A Christmas Love Story

As a child I did not fully appreciate all the small acts of love that surrounded me every day. As we advance in age it is amazing how what seemed to be the trivial actions of others when we were children take on a new meaning as we look at those actions as adults.

Long before I was born, the casual exchange of a brown paper bag from my dad to my mom would come to symbolize not only the true meaning of Christmas, but the incredible love my father had for my mother.

Every family has that one person who is the embodiment of the holiday spirit. A person who embraces the holiday season with overwhelming zeal, that pulls everyone together, and who makes it their mission to remind everyone of the true nature of the season, “Peace on Earth, Goodwill to Men.”

For my family it was my mother. It was not just about gifts for my mother, it was about faith and family. My mother made every day special, but on Christmas she somehow managed to make everyone feel uniquely special in the middle of the chaos of consumerism that overwhelms many us during Christmas. Church, charity and family is what my mother made sure was part of every day during the Advent season. Standing by my mother’s side was my father, often gazing in awe, in wonderment of my mother’s energy, looking more like an innocent bystander at an accident scene, than a willing passenger.

Every family also has the realist, often mislabeled as “a Scrooge.” It is not that this person does not enjoy the holiday, but let’s just say they prefer things to be less chaotic, simpler. As he was throughout my life, the yang to my mother’s yin was my dad. If you ever heard the parody Christmas song “The 12 Pains of Christmas,” my father would be the distressed man of the house trying to get the Christmas lights to work. In fact, for the longest time I was convinced someone had recorded my dad, and just inserted his yearly rants into the song.

However, my father really did love Christmas for the same reason as my mother. No matter where we all were in the world, there would be that moment of clarity that the most precious gift at Christmas was family.
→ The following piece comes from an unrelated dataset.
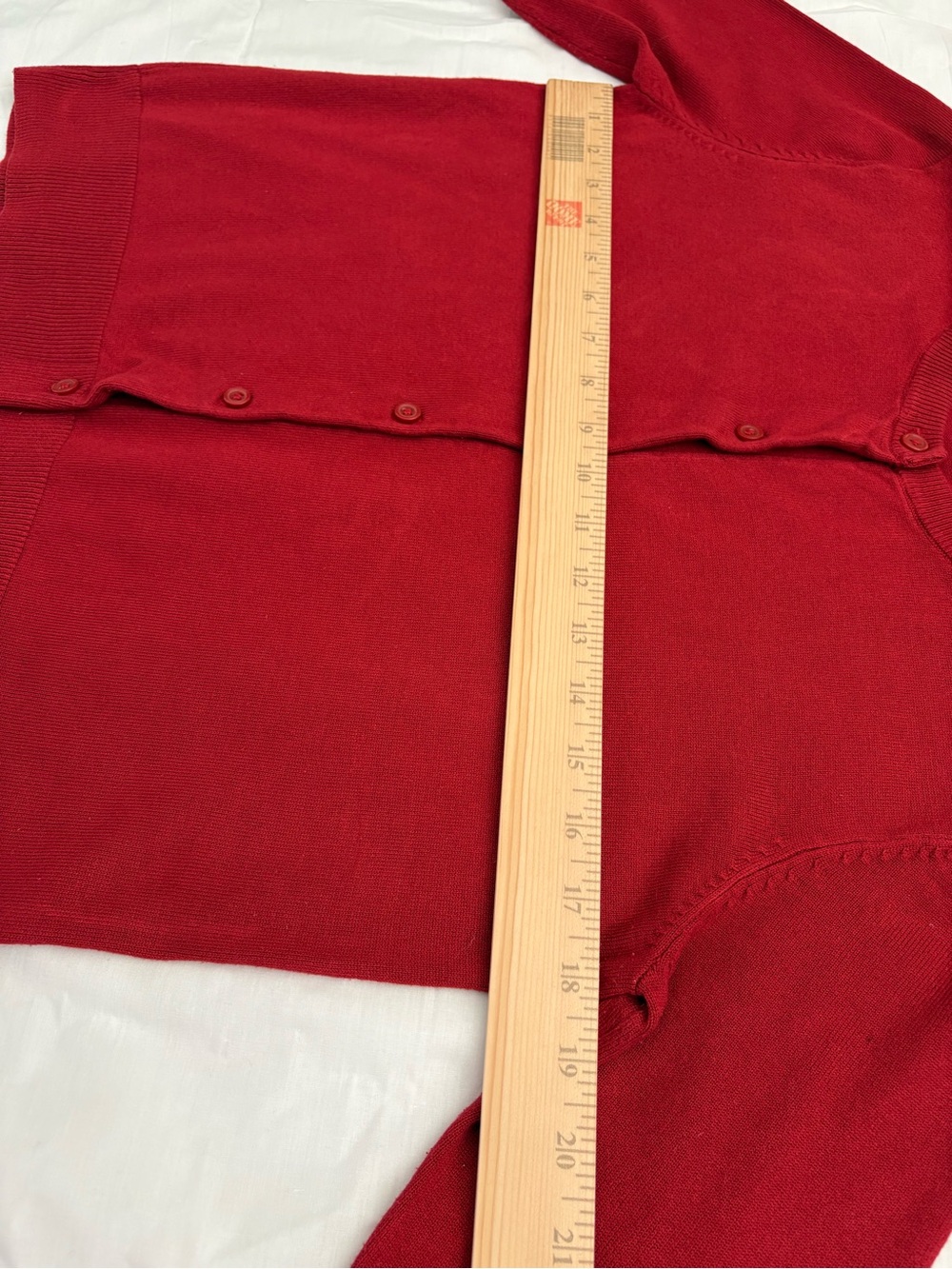 Classic Women's Red Button-Up Cardigan Sweater - H&M Size M. - Picture 8 of 9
Our family may have been separated by war or other life events, but Christmas morning always bound us together in spirit. No matter where I was Christmas morning, memories of a brown paper bag would linger in my mind.

There were times when gift giving in our family sounded more like the events from an O. Henry story, sacrificing a treasured possession or putting aside one’s own desire for the happiness of others. Such was the case with my father. For as much as my father appeared to be a bystander during Christmas, we would learn later in life that many of the gifts we cherished as children were due to the thoughtfulness of my dad.
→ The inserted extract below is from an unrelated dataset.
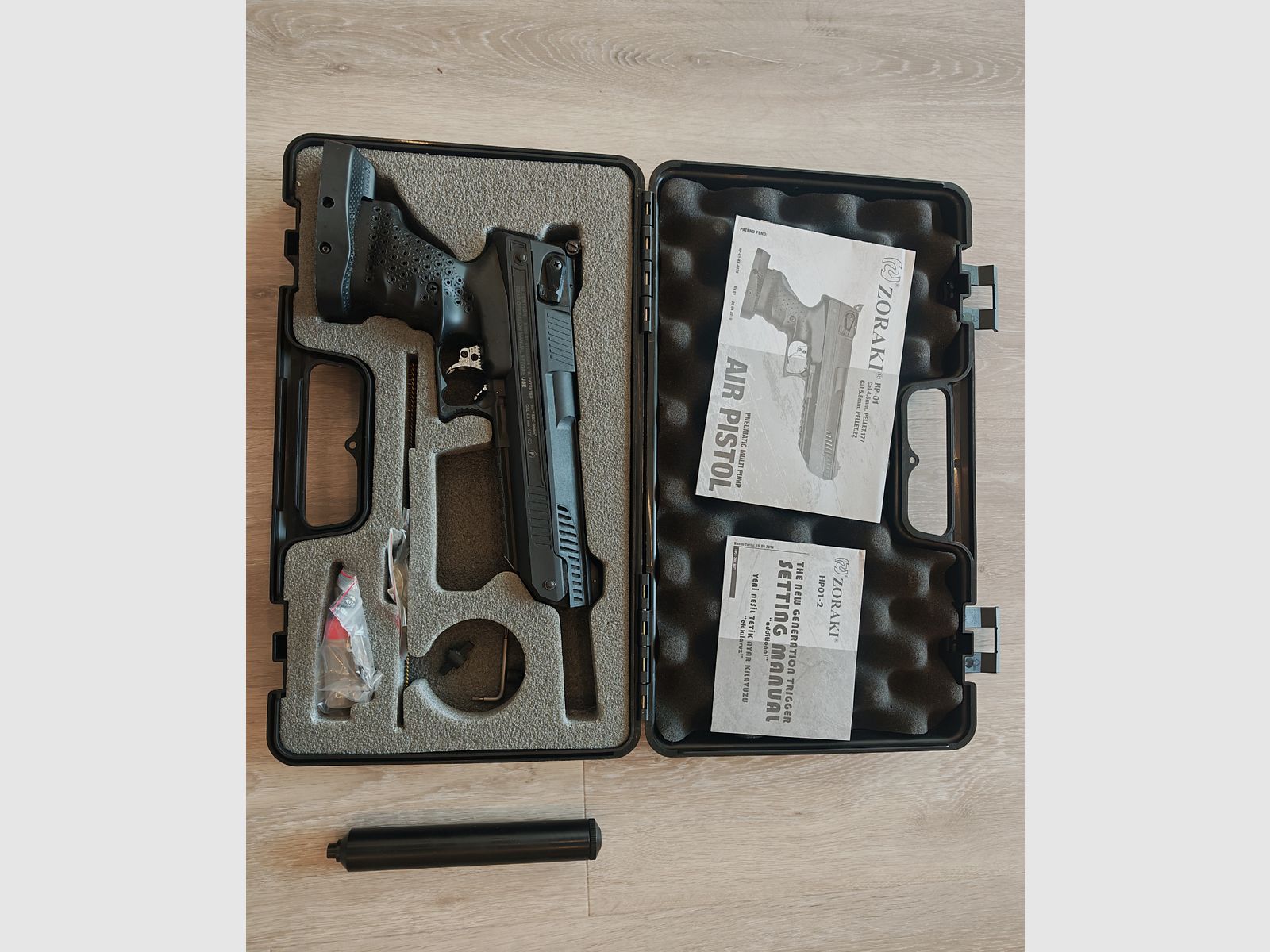 Zoraki HP01, 4,5 mm, mallette d'arme, poignée de match, silencieux, comme neuf.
Like many families, we were not rich. When my parents started out in life they struggled, and money was tight. That first Christmas together they had agreed to “keep it simple,” and exchange only one gift. They put up a small Christmas tree and decorated their Portsmouth apartment with a Nativity scene, some lights and very little else. A few days after the tree went up, my mother noticed a small paper bag under the tree. The bag had her name written in pen on the front, twisted at the top, and tied with a Christmas string. All my mother could think was, “well, we did say keep it simple.”

My parents held true to their promise and exchanged only one gift that first Christmas together. My mom handed my father a beautifully wrapped box containing winter gloves and a toboggan hat, exactly what he wanted. My mom then opened her small, plain brown paper bag and found exactly what she wanted but had not asked for, and from that first Christmas a wonderful tradition was born.

Bob and Ginny Chidester

The last Christmas my parents were together, both my father and mother were ill, with my mother in a final battle with cancer. No one wanted to say it, certainly not my father, but in our hearts many in our family feared this would be our last Christmas with Mom. Sadly, the Christmas of 2009 would be the last we would spend with our parents. Both would be gone by the Christmas of 2010. One lost to cancer, the other to a broken heart.

My father asked my wife to pick up something for my mom because he was unable to go out and purchase the gift he had given her every year. For 56 years, no matter where he was, there was a small paper bag under the tree waiting for my mother. He already had the paper bag and the string, but he needed the gift. Needless to say that on Christmas morning, amongst a bounty of other gifts, sat a brown paper bag waiting for my mother.

On their last Christmas together, just as their first, my mother would open that small brown paper bag to find a bottle of Chanel No. 5 perfume, my mother’s favorite. For you see, long before my parents agreed on that first Christmas to “keep it simple,” my father had managed to save enough to buy my mother something she had sacrificed, one of the most expensive bottles of perfume on the market.

As I reminisce about my parents today, the image of a little brown paper bag twisted at the top and tied with a simple ribbon always brings a smile to my face, and the realization of how blessed I was to have two wonderful people in my life every day, and especially on Christmas.

Merry Christmas to you and your family and may you have many blessings in 2019.